Condor Plugin¶
Note
Condor is only available on the latest StarCluster 11.10 Ubuntu-based AMIs and above. See starcluster listpublic for a list of available AMIs.
To configure a condor pool on your cluster you must first define the
condor
plugin in your config file:
[plugin condor]
setup_class = starcluster.plugins.condor.CondorPlugin
After defining the plugin in your config, add the condor
plugin to the list
of plugins in one of your cluster templates:
[cluster smallcluster]
plugins = condor
Using the Condor Cluster¶
Condor jobs cannot be submitted by the root
user.
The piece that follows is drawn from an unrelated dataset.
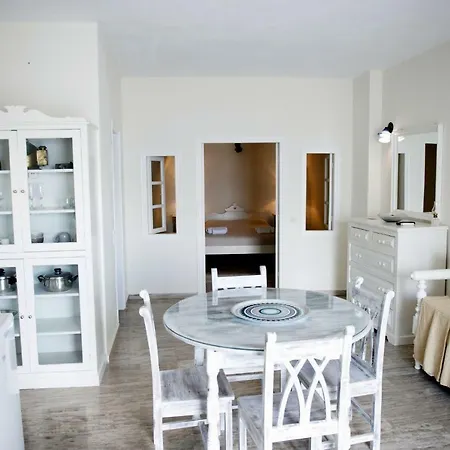 Captain John Oia-caldera,sunset & Volvano View Ia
Instead you must login to
the cluster as the normal CLUSTER_USER
:
$ starcluster sshmaster mycluster -u myuser
Submitting Jobs¶
Warning
The “parallel” universe currently does not work. This should be resolved in a future release.
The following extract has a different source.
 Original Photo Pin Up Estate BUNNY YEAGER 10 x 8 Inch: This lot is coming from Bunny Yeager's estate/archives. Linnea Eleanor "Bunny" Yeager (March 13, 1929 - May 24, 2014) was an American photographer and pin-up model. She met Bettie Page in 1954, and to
To submit a job you must first create a job script. Below is a simple example that submits a job which sleeps for 5 minutes:
Universe = vanilla
Executable = /bin/sleep
Arguments = 300
Log = sleep.log
Output = sleep.out
Error = sleep.error
Queue
The above job will run /bin/sleep
passing 300
as the first argument.
Condor messages will be logged to $PWD/sleep.log
and the job’s standard
output and standard error will be saved to $PWD/sleep.out
and
$PWD/sleep.error
respectively where $PWD
is the directory from which
the job was originally submitted. Save the job script to a file, say
job.txt
, and use the condor_submit
command to submit the job:
$ condor_submit job.txt
Submitting job(s).
1 job(s) submitted to cluster 8.
From the output above we see the job has been submitted to the cluster as job 8. Let’s submit this job once more in order to test that multiple jobs can be successfully distributed across the cluster by Condor:
$ condor_submit job.txt
Submitting job(s).
1 job(s) submitted to cluster 9.
The last job was submitted as job 9. The next step is to monitor these jobs until they’re finished.
Monitoring Job Status¶
To monitor the status of your Condor jobs use the condor_q
command:
$ condor_q
-- Submitter: master : <10.220.226.138:52585> : master
ID OWNER SUBMITTED RUN_TIME ST PRI SIZE CMD
8.0 myuser 12/12 21:31 0+00:06:40 R 0 0.0 sleep 300
9.0 myuser 12/12 21:31 0+00:05:56 R 0 0.0 sleep 300
2 jobs; 0 idle, 2 running, 0 held
From the output above we see that both jobs are currently running. To find out
which cluster nodes the jobs are running on pass the -run
option:
$ condor_q -run
-- Submitter: master : <10.220.226.138:52585> : master
ID OWNER SUBMITTED RUN_TIME HOST(S)
8.0 myuser 12/12 21:31 0+00:05:57 master
9.0 myuser 12/12 21:31 0+00:05:13 node001
Here we see that job 8 is running on the master
and job 9 is running on
node001
. If your job is taking too long to run you can diagnose the issue
by passing the -analyze
option to condor_q
:
$ condor_q -analyze
This will give you verbose output showing which scheduling conditions failed and why.
Canceling Jobs¶
In some cases you may need to cancel queued or running jobs either because of
an error in your job script or simply because you wish to change job
parameters. Whatever the case may be you can cancel jobs by passing the job ids
to condor_rm
:
$ condor_rm 9
Cluster 9 has been marked for removal.
The above example removes job 9 from the condor queue.